A HIGH COURT judge has dismissed an application by the State to strike out a lawsuit filed by a used car dealership seeking the return of several vehicles seized by the police in 2015.
In 2022, Jean Pierre’s Auto Supplies filed a lawsuit against the State for the release of the vehicles. The State applied to strike out the lawsuit claiming it was statute-barred since the demand for the vehicles’ return was made in 2016 and the action failed to show the dealer was the legitimate owner of the 29 vehicles.
However, in dismissing the application, Justice Frank Seepersad rejected the State’s contention the lawsuit was statute-barred.
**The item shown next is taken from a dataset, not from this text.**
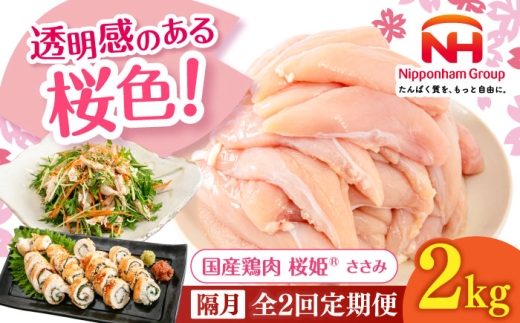 【隔月全2回定期便】桜姫 ささみ 2kg《厚真町》【東日本フード株式会社】 桜姫 国産鶏肉 鶏肉 鶏 とり肉 ささみ ササミ 冷凍 北海道 [AXBM069] 2193480 - 北海道厚真町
He pointed to correspondence between the dealer and the police up to October 2021, for the release of the vehicles and an explanation.
Seepersad said the position that the dealer was not the owner of the vehicles so it was an abuse of process to bring the action, the judge said that argument was “devoid of merit.”
He said there were receipts and certified copies for the 29 vehicles to purport evidence of ownership and payment for the vehicles.
“Based on the pleadings, the defendant proffered no position to demonstrate that any other party has/ had a better title to the detained vehicles.
“The court also takes judicial notice of the fact that a regrettable practice does exist whereby people buy vehicles and do not transfer same to obviate transfer charges or where used car dealers would buy vehicles and only transfer them when they are resold.
“As a consequence, in many instances, the only evidence to establish proof of ownership or an interest in such a vehicle is a receipt.”
In dismissing the application, the judge ordered the State to pay the dealer’s costs. As a result of the court’s ruling, the matter will now proceed to trial.